Users need to see how many subscriptions they have for each month. They need to see how many are existing subscriptions that rolled over from that month, how many are new subscriptions, how many are upgrades, how many are downgrades, how many churned, and how many users came back and reactivated.

Tasks:
- Run behat features/Stats/Subscription/new_subscription_stats.feature and add all the steps
- Create a repository class that fetches all the data using SQL/DQL and not the QueryBuilder
- Add the backend app end point that returns the stats

So while still not totally spoonfeeding it, it's getting spoonfed a lot.

Result

The result from this was code that was almost ready for production, which frankly surprised me given how quickly it all came together.
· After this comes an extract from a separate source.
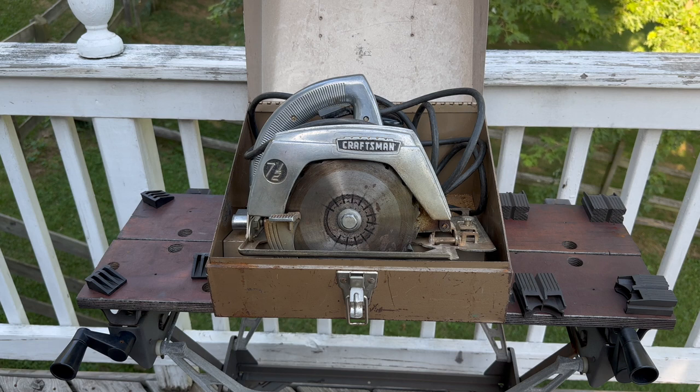This thing is from the mid-60s. They ran about $41 to $42 in the mid-60s, so that's a lot of money. In today's money that equates to about $400, and you could buy a nice worm drive skill saw with that money. So comparatively, it's a nice saw.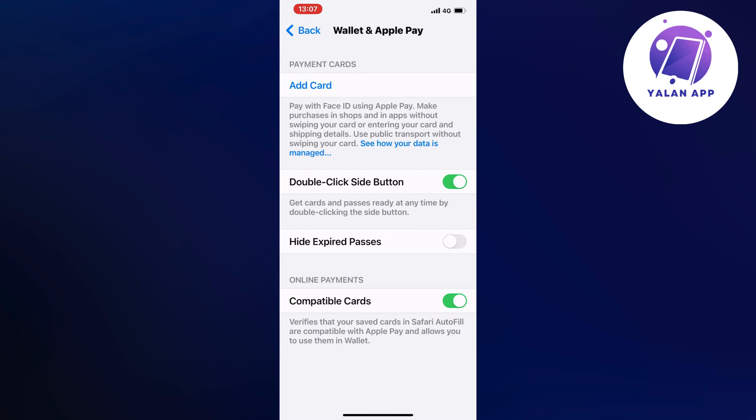You will be able to see all of your cards that you currently have connected to your Apple Pay here, as you can see. But for this tutorial it's going to be a new card, so we need to click on Add Card.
It needed your standard code review and removal of the silly things - you know, those little shortcuts and quick fixes that always creep in when you're in the flow of getting something working. There were a few hardcoded values that needed to be made configurable, some error handling that could be more robust, and the usual suspects like inconsistent variable naming and missing documentation.

After 2-3 thorough code reviews and feedback sessions with the team, where we caught the edge cases I'd missed and polished up the logic, the code was all done and properly tested. The backend was solid, performant, and ready to handle whatever we threw at it. With that foundation firmly in place, I moved on to the frontend part, which promised to be an entirely different beast altogether.